Who cares, he works hard and has a huge following


----------



## LDVinny (May 16, 2016)

It matters because if his physique is not achievable naturally it may mean id have to use other "supps"



DappaDonDave said:


> Who cares, he works hard and has a huge following


 i don't doubt that


----------



## Mergal (Nov 7, 2013)

get on the tren brah


----------



## DappaDonDave (Dec 2, 2013)

LDVinny said:


> It matters because if his physique is not achievable naturally it may mean id have to use other "supps"
> 
> i don't doubt that


 You're not him, you need to do what you need to do, not what he does.


----------



## Smokey13 (Jul 29, 2013)

It sounds like you are looking for a reason to jump on the sauce? Reason being you would like to look like Guzman.

You will never know if you could achieve the physique he has naturally unless you try. Even if you take gear you may never come close.


----------



## NoGutsNoGloryy (Jan 7, 2013)

People seem to think oh right they look good... he's on steroids. So sad lol


----------



## Fluke82 (Sep 10, 2015)

No.

Does it matter though? No.


----------



## RedStar (Aug 8, 2014)

What I would say having met Christian Guzman at BP, is that firstly he seems genuinely a nice guy.

His physique for me has no tell tale signs of excessive steroids use. He was wearing girly skinny jeans and I was shocked at how thin his legs looked.

Secondly he doesn't have massive traps, which to my understanding, is usually a good sign of possible steroid use.

Thirdly as I said with regards to Jeff Seid, he isn't that big. He told me his contest size is 165lbs.
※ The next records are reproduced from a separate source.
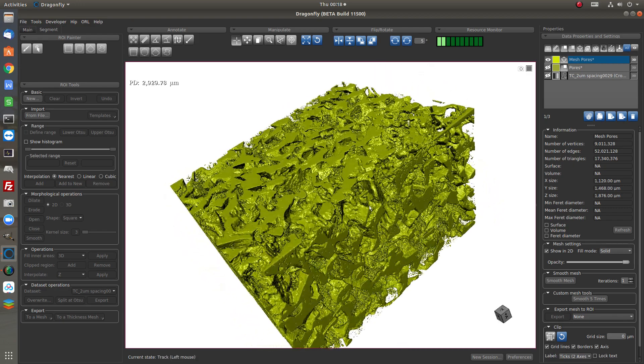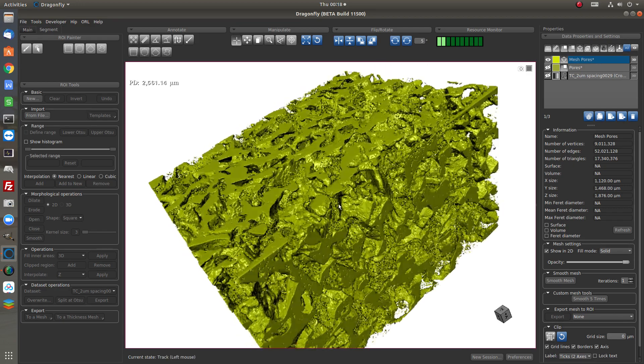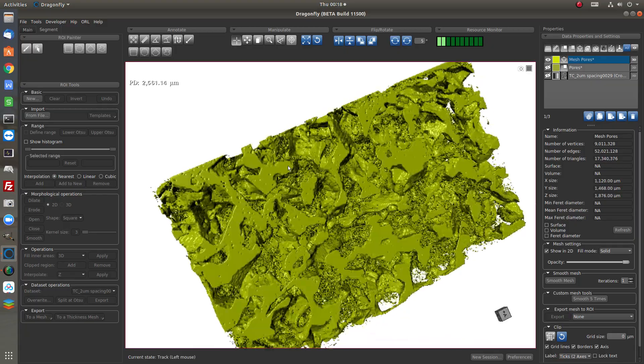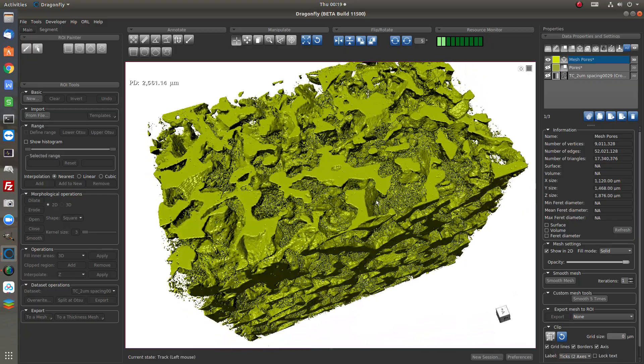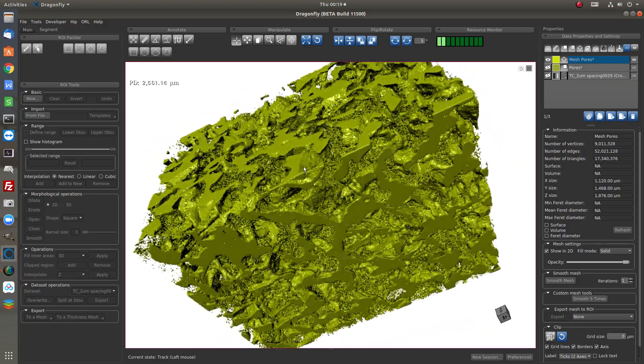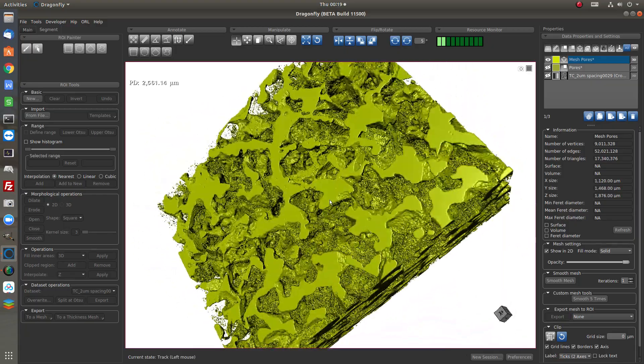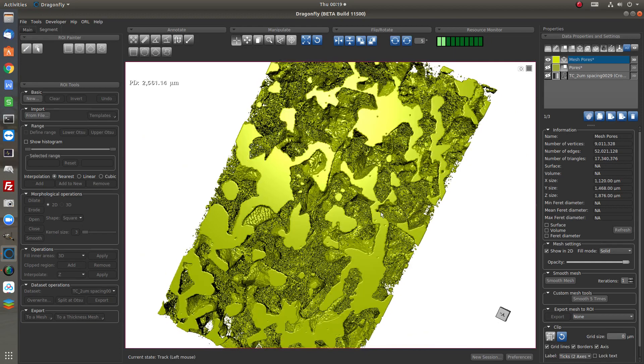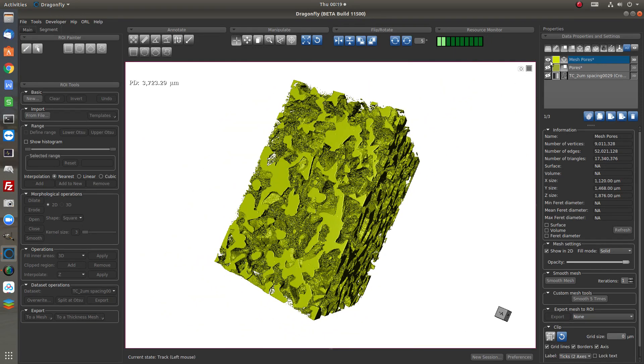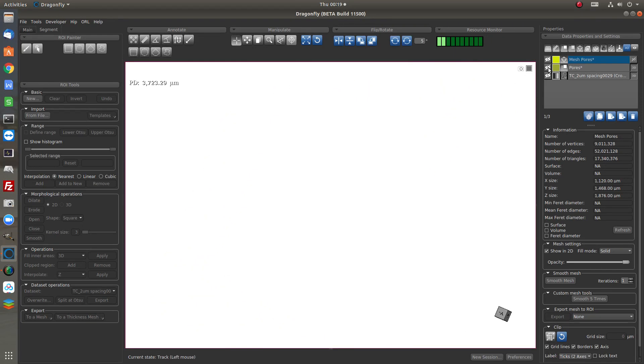Of course there are many big pores and small pores. If we want to remove the small pores we could do it before the mesh.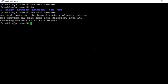And see what it's saying: 'User added warning. The home directory already exists. Not copying any file from skel directory into it. Creating mailbox, file exists.'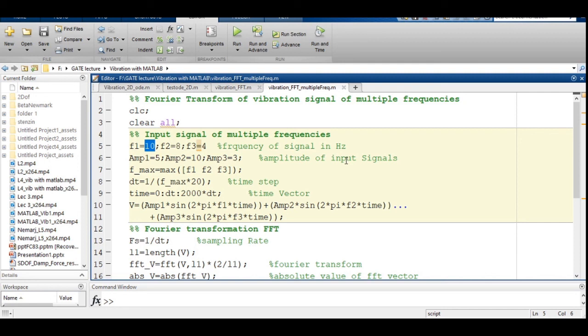Running the code: the time-domain output shows a non-harmonic periodic signal that is the combination of multiple frequencies. The frequency spectrum shows three distinct spikes corresponding to 4 Hz, 8 Hz, and 10 Hz with their respective amplitudes. You can make different signals and obtain the frequency and amplitude composition using this approach. With this, I hope you'll be able to write your own code for Fourier transform, visualize, and diagnose signals in terms of frequency composition and amplitude. Thank you.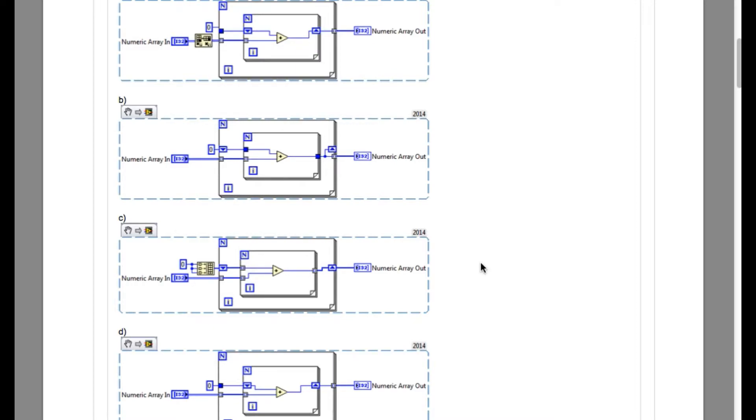So option A, you can see that it is actually adding the column values rather than the row values because the input array has been transposed. So this means option A is incorrect.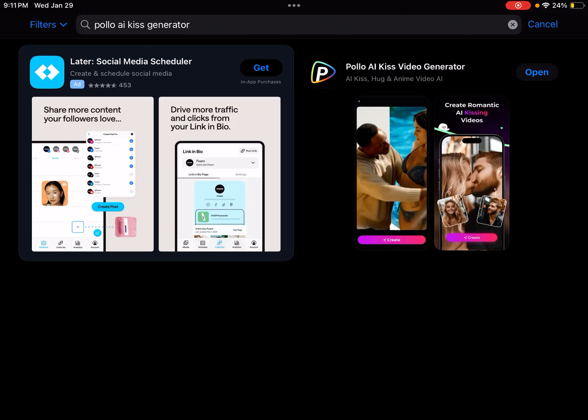If you get this app for the iOS platform, you can go ahead and install that. I did have to search for Polo AI Kiss Generator. When I looked for Polo AI, I didn't find anything. It wasn't until I added Kiss Generator that I was able to find this.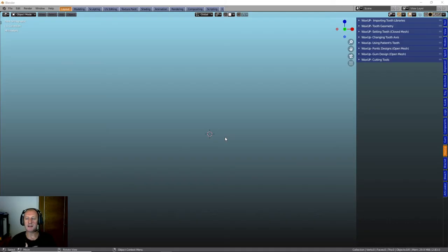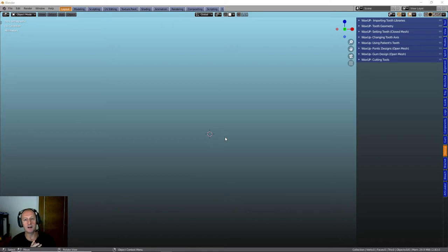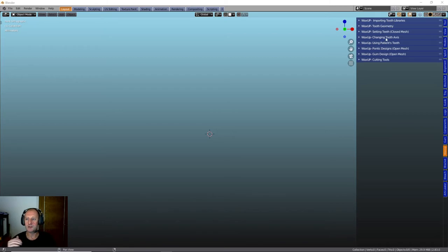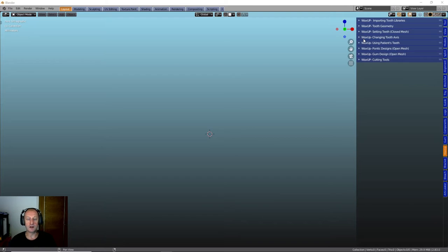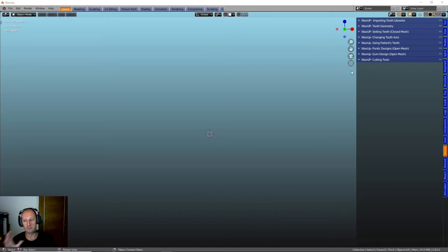This is the environment that you're going to open up when you get the Wax-Up module onto your computer. Down here we have all the different areas and different menus that we can use to create diagnostic Wax-Ups and temporary crowns and then put gum work and cutting tools and bits and pieces. So we'll go through each one of these.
Overall if he is on, I couldn't care less, but he doesn't strike me as a user in my brief encounter with him.


----------



## 1manarmy (Apr 22, 2012)

72kg at 6 foot....of course that is achieveable. i bet with clothing on he doesnt even look like he trains


----------



## RedStar (Aug 8, 2014)

body power.


----------



## Colin (Sep 28, 2015)

Fattymous Waterman said:


> What I would say having met Christian Guzman at BP, is that firstly he seems genuinely a nice guy.
> 
> His physique for me has no tell tale signs of excessive steroids use. He was wearing girly skinny jeans and I was shocked at how thin his legs looked.
> 
> ...


 Did he actually say that?

I don't understand why something so simple as weight he would lie about as when he done Mr Olympia on the morning he videoed himself on the scales and he was 199lbs.


----------



## RedStar (Aug 8, 2014)

Colin said:


> Did he actually say that?
> 
> I don't understand why something so simple as weight he would lie about as when he done Mr Olympia on the morning he videoed himself on the scales and he was 199lbs.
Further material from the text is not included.